An Unreasonable Man

The reasonable man adapts himself to the world; the unreasonable one persists in trying to adapt the world to himself. Therefore all progress depends on the unreasonable man. — George Bernard Shaw (attributed)

Perfect Rigor: A Genius and the Mathematical Breakthrough of the Century
Masha Gessen
Houghton Mifflin
Boston/New York, 2009
242 pages

The Poincare Conjecture: In Search of the Shape of the Universe
Donal O’Shea
Walker and Company
New York, 2007
293 pages

On November 11, 2002, Grigory Perelman, a Russian mathematician known to his friends as “Grisha”, posted a research paper to the preprint server containing, amongst other things, the outline of a proof of the Poincaré Conjecture, a famous conjecture in topology first articulated in 1904 by the great mathematician Henri Poincaré.

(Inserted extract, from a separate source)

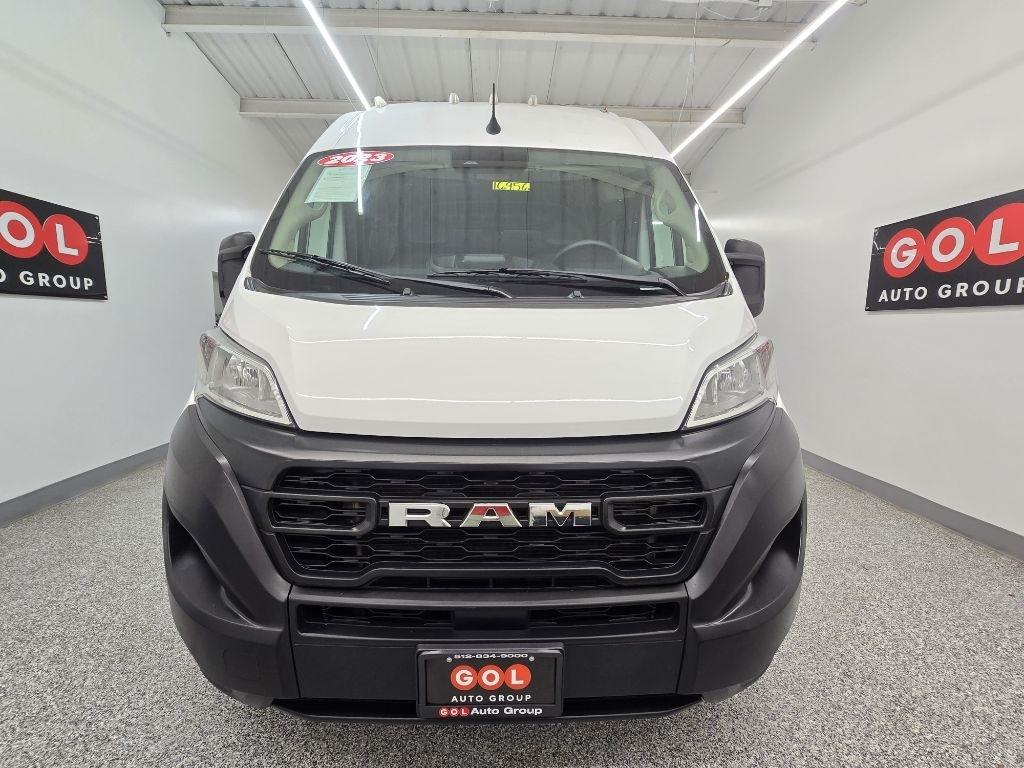 RAM Promaster 1500 High Roof 136-in. WB 2023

Dr. Perelman also e-mailed a few selected mathematicians directly, drawing attention to his somewhat curious paper. This rapidly created a stir as the mathematicians realized that he might well have proven the Poincaré Conjecture, an extremely difficult problem that had eluded the talents of many top mathematicians including Poincaré. Perelman went on to post two more papers to elaborating his proof. The Clay Institute, which had offered a prize of $1 million for the proof (or disproof) of the Poincaré Conjecture, funded two teams of mathematicians to verify Perelman’s proof. The National Science Foundation also funded efforts to verify and expand upon the proof. By 2006, the “consensus” in the mathematical community was that Dr. Perelman had proved the Poincaré Conjecture. Dr. Perelman was offered the prestigious Fields Medal, close to the Nobel Prize of mathematics. He became the first mathematician to decline the Fields for reasons that remain somewhat unclear.

Two recent books attempt to tell the story of Grigory Perelman and the Poincaré Conjecture. Masha Gessen’s Perfect Rigor is the first biography of the elusive and enigmatic Perelman. It gives a great deal of information about the world of Soviet mathematics in which Perelman grew up and Perelman’s life to date. The author was unable to interview Perelman who has declined nearly all interviews; he has given an interview to Sylvia Nasar and David Gruber for their New Yorker article “Manifold Destiny“, about which more later. The book suffers from an unremittingly hostile, perhaps jealous, view of the unusual Dr. Perelman, who is variously portrayed as extremely naive, weird, and possibly mentally ill.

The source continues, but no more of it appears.